The funny thing about actually living in a cyberpunk fascist dystopia is that I don’t welcome new technology anymore. Technology is morally neutral, what matters is who controls it and how it is used, but it seems all new computer technology does is make the rich richer and the powerful powerfuller.
I liked the flying 1961 Thunderbird. The rest I don’t know, I’ll wait until it gets sold to Showcase or CTV Science Fiction.
Citroens are some of the best flying cars available: Flying Citroen Cars Look Good While Driving on Air - autoevolution
Terry Gilliam’s Brazil is a good retrofuturism example. Also, Gattica.
Seems to be some strong Glengarry Glen Ross vibes here
Bioshock and fallout I guess too.
So, Apple TV+ took their most recent hits (and ones they hoped to be a hit) and mashed them together?
For All Mankind + Severance + … The Shrink Next Door?

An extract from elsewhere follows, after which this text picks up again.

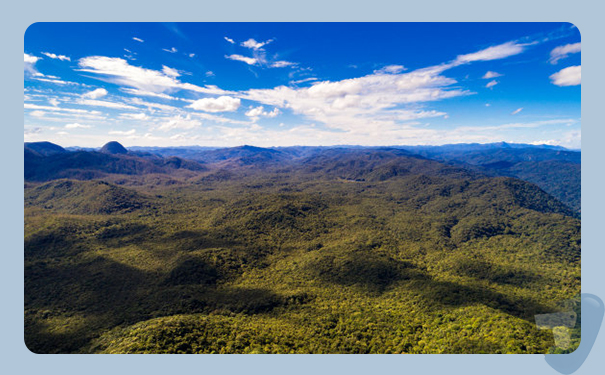 深圳到荷屬安的列斯(NetherlandsAntilles)港口海運需要多長時間?深圳太捷可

For All Mankind viewership probably dropped off the nearer they came to our present day look and present-day digital tech.
The Shrink Next Door didn’t get the gaslighting themes and feels as right as Severance did, but had the whole slick-self-delusioned-narcissistic-scammer thing going.
Also: this is why Gattaca is one of my most favorite movies, and Severance the most rewatched TV series recently.
The Incredibles reminded me a little of Vonnegut’s Harrison Bergeron.